[Start of section]

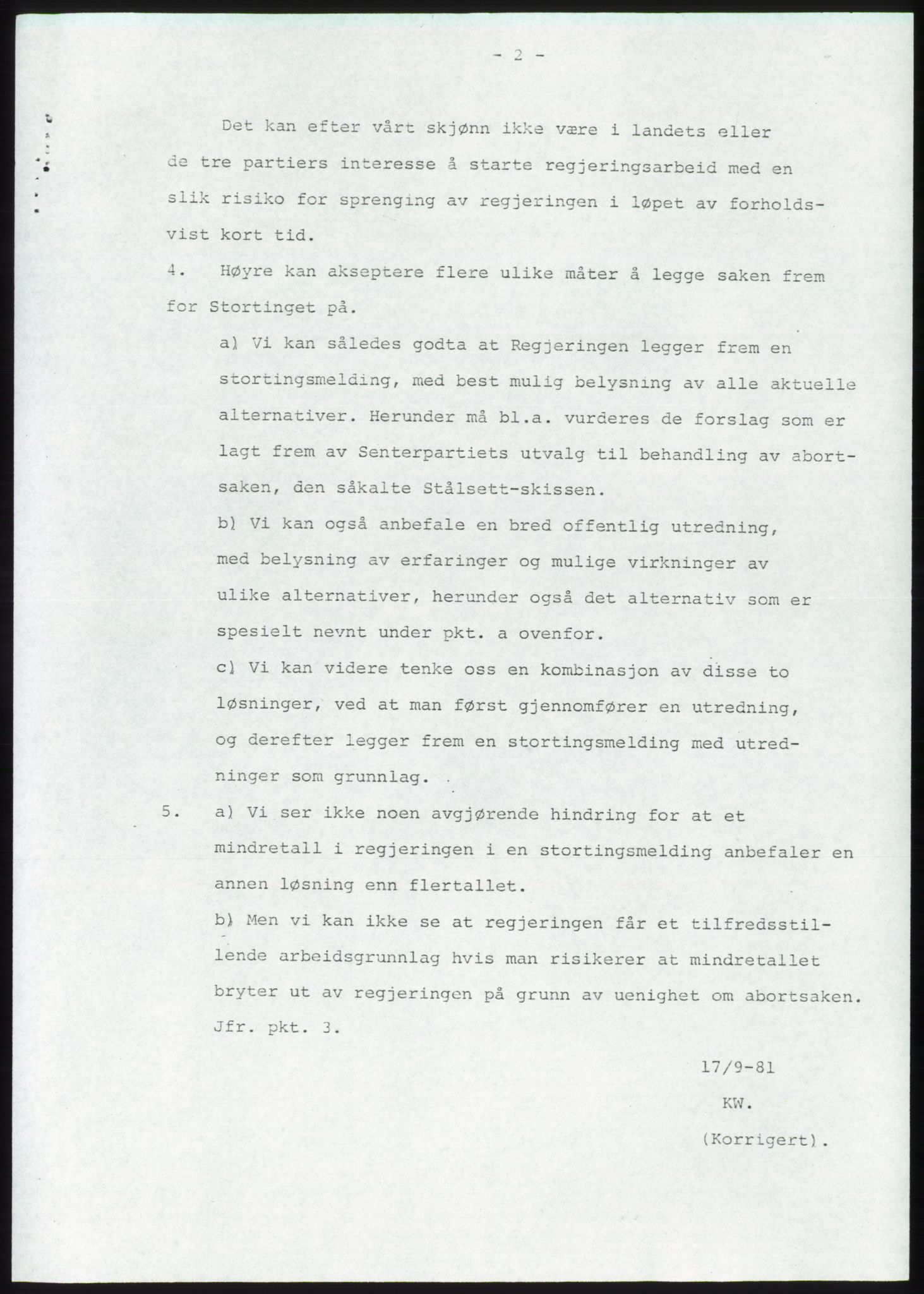 Forhandlingsmøtene 1981 mellom Høyre, KrF og Senterpartiet om dannelse av regjering, AV/RA-PA-0695/A/L0001: Forhandlingsprotokoll, 1981, p. 15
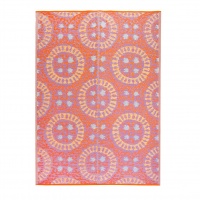 Red Geometric Print Outdoor Rug By Talking Tables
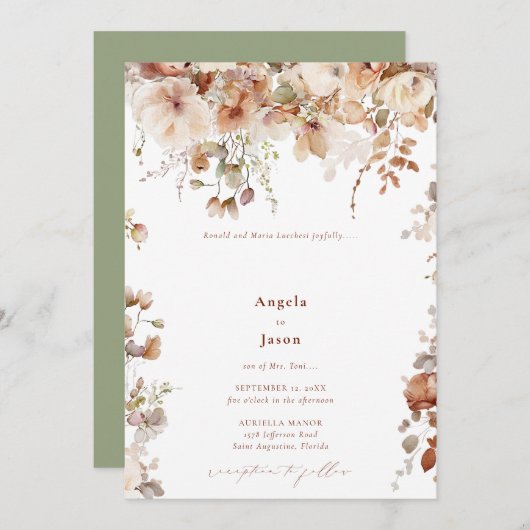 Rustic Boho Garden Flowers Weddenschap QR Code Kaart (Voorkant / Achterkant)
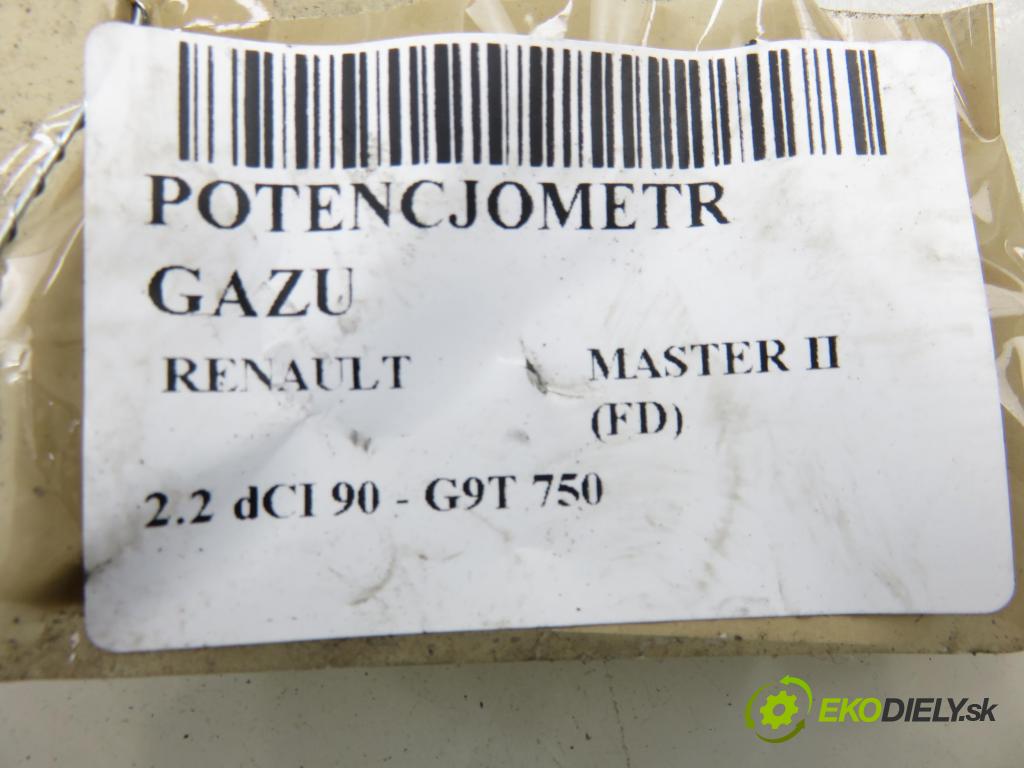 RENAULT MASTER II Skrzynia (FD) FURGON 2004 66,00 2.2 dCI 90 - G9T 750 2188,00 potenciometr plynového pedálu 7700314525 ; 6PV00811904 (Potenciometr plynového pedálu)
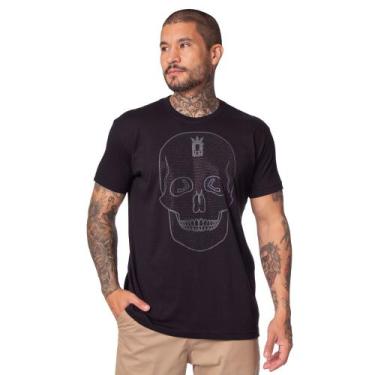 Imagem de Camiseta Masculina Over Surf Skull Strass Preto
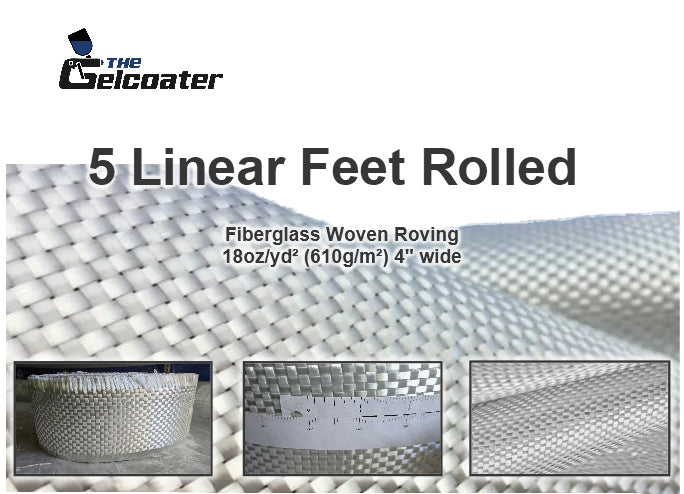 5 Feet of 4" wide, 18oz/yd² (610g/m²), Fiberglass Woven Roving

[End of section]

▶ **Your task**: Give back the material exactly as written, images excluded.

▶ **Answer space**:
 Forhandlingsmøtene 1981 mellom Høyre, KrF og Senterpartiet om dannelse av regjering, AV/RA-PA-0695/A/L0001: Forhandlingsprotokoll, 1981, p. 15
 Red Geometric Print Outdoor Rug By Talking Tables
 Rustic Boho Garden Flowers Weddenschap QR Code Kaart (Voorkant / Achterkant)
 RENAULT MASTER II Skrzynia (FD) FURGON 2004 66,00 2.2 dCI 90 - G9T 750 2188,00 potenciometr plynového pedálu 7700314525 ; 6PV00811904 (Potenciometr plynového pedálu)
 Imagem de Camiseta Masculina Over Surf Skull Strass Preto
 5 Feet of 4" wide, 18oz/yd² (610g/m²), Fiberglass Woven Roving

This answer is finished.